The critical minerals “issue” is something members of the New Jersey team have followed for decades. While many in the country have been focused on news bites, partisan bickering and selfish political short-sightedness; our defensive readiness has steadily declined. In short, those that are tasked with protecting our future have largely ignored the increased risk to our collective well-being. We now feel the timing is right to add this area of focus from an investor/stakeholder business perspective while providing the added benefit of protecting these national assets from foreign ownership.

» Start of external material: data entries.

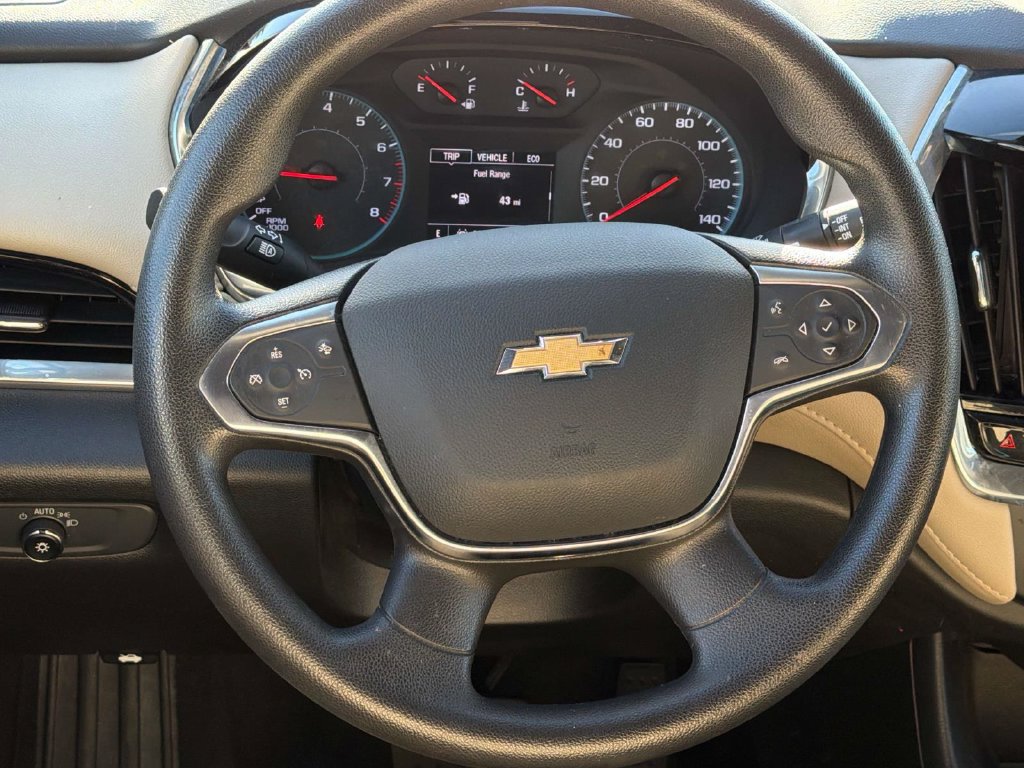 Used 2023 Chevrolet Traverse LS FWD image 9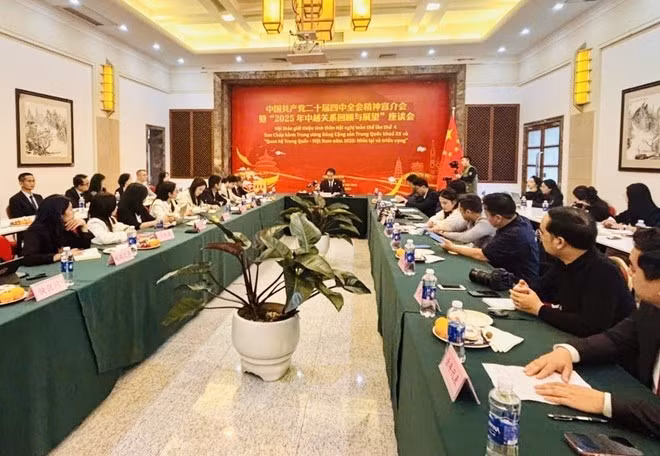 vna-potal-dai-su-quan-trung-quoc-tai-viet-nam-gap-mat-bao-chi-8502251.jpg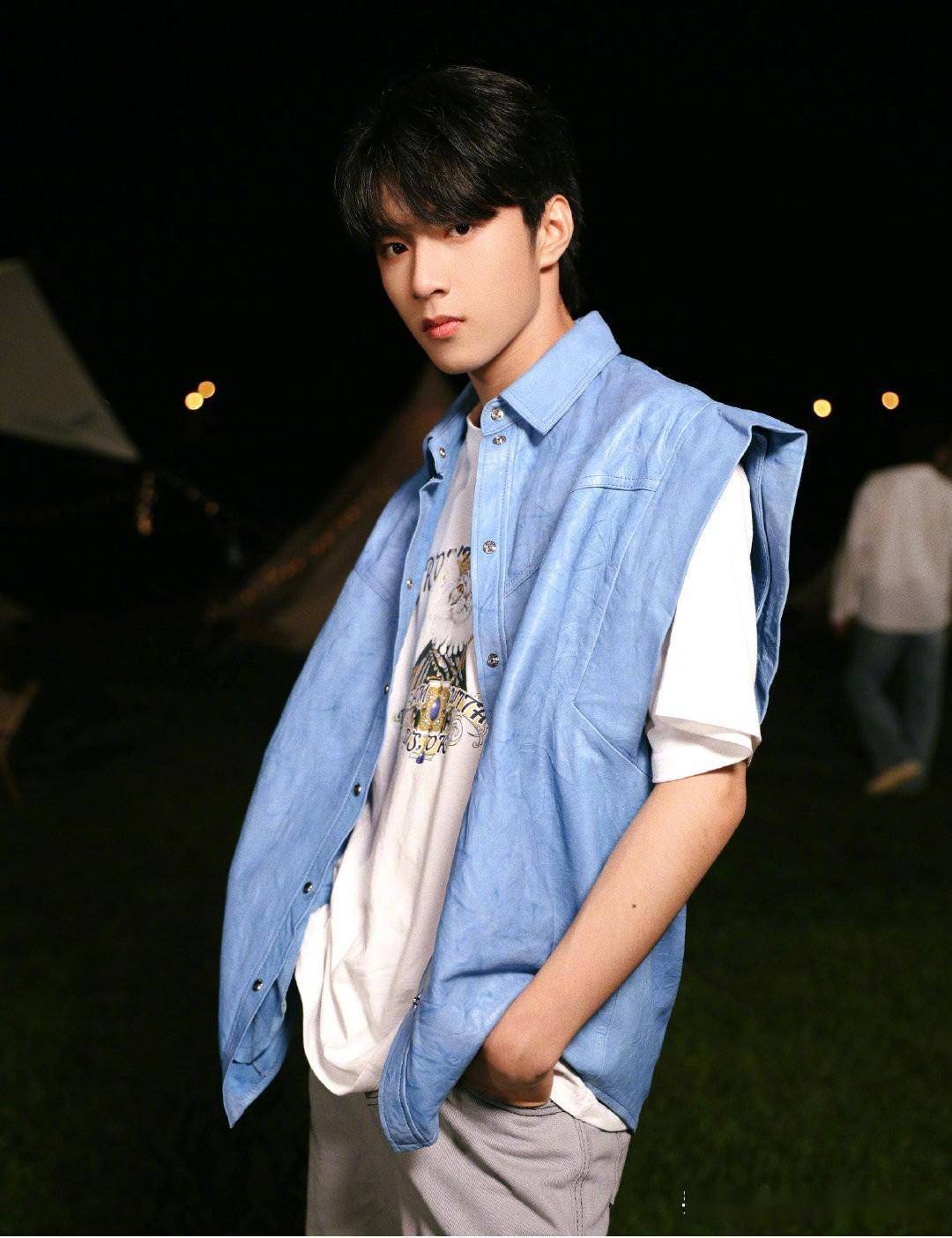 刘耀文最新穿搭照,白色t恤搭配牛仔背心,酷帅有型~ 676767_酷帅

Furthermore, our overall business experience tells us that the opportunity for public/private partnerships with regard to strategic mineral use in future technologies, national stockpiles and mineral processing/milling is (finally) here. As a result of the tendency to celebrate the person that leads us out of a crisis as opposed to recognizing the person that kept us out of the crisis in the first place – the long-ignored decline in our country’s critical mineral readiness will not be cured overnight. As a country we cannot comfortably look toward defensive readiness and a low-carbon future without first securing and producing the strategic raw materials necessary to make it happen.

Following Executive Order 13817, the USGS in 2018 released a final list of 35 critical elements deemed vital to the Nation’s security and economic prosperity, of which 14 of these elements the United States does not produce. We believe the increased demand and higher prices for these elements will drive exploration; and we at NJMC want to be in the vanguard of finding, locating and producing these critical minerals while helping reduce our national dependence on foreign sources.

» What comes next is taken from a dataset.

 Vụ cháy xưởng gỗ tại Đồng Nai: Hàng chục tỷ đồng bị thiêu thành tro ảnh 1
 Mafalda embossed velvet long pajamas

In 2019, the U.S. Department of Commerce released “A Federal Strategy to Ensure Secure and Reliable Supplies of Critical Minerals”. Below is the Executive Summary from that report, which is similar to other publications on this topic.

U.S. Department of Commerce Executive Summary –

The assured supply of critical minerals[1] and the resiliency of their supply chains are essential to the economic prosperity and national defense of the United States. The United States is heavily dependent on foreign sources of critical minerals and on foreign supply chains resulting in the potential for strategic vulnerabilities to both our economy and military. Mitigating these risks is important and consistent with our country’s National Security Strategy and National Defense Strategy to promote American prosperity and to preserve peace through strength.

The United States imports most critical mineral commodities. Specifically, the United States is import-reliant (imports are greater than 50 percent of annual consumption) for 31 of the 35 minerals designated as critical by the Department of the Interior.[2] The United States does not have any domestic production and relies completely on imports to supply its demand for 14 critical minerals.[3]

To address this problem and reduce the Nation’s vulnerability to disruptions in the supply of critical minerals, President Donald J. Trump issued Executive Order 13817, A Federal Strategy to Ensure Secure and Reliable Supplies of Critical Minerals, on December 20, 2017. The Executive Order directs the Secretary of Commerce, in coordination with heads of selected executive branch agencies and offices, to submit a report to the President that includes:

  1. “a strategy to reduce the Nation’s reliance on critical minerals;
  2. an assessment of progress toward developing critical minerals recycling and reprocessing technologies, and technological alternatives to critical minerals;
  3. options for accessing and developing critical minerals through investment and trade with our allies and partners;
  4. a plan to improve the topographic, geologic, and geophysical mapping of the United States and make the resulting data and metadata electronically accessible, to the extent permitted by law and subject to appropriate limitations for purposes of privacy and security, to support private sector mineral exploration of critical minerals; and
  5. recommendations to streamline permitting and review processes related to developing leases; enhancing access to critical mineral resources; and increasing discovery, production, and domestic refining of critical minerals.”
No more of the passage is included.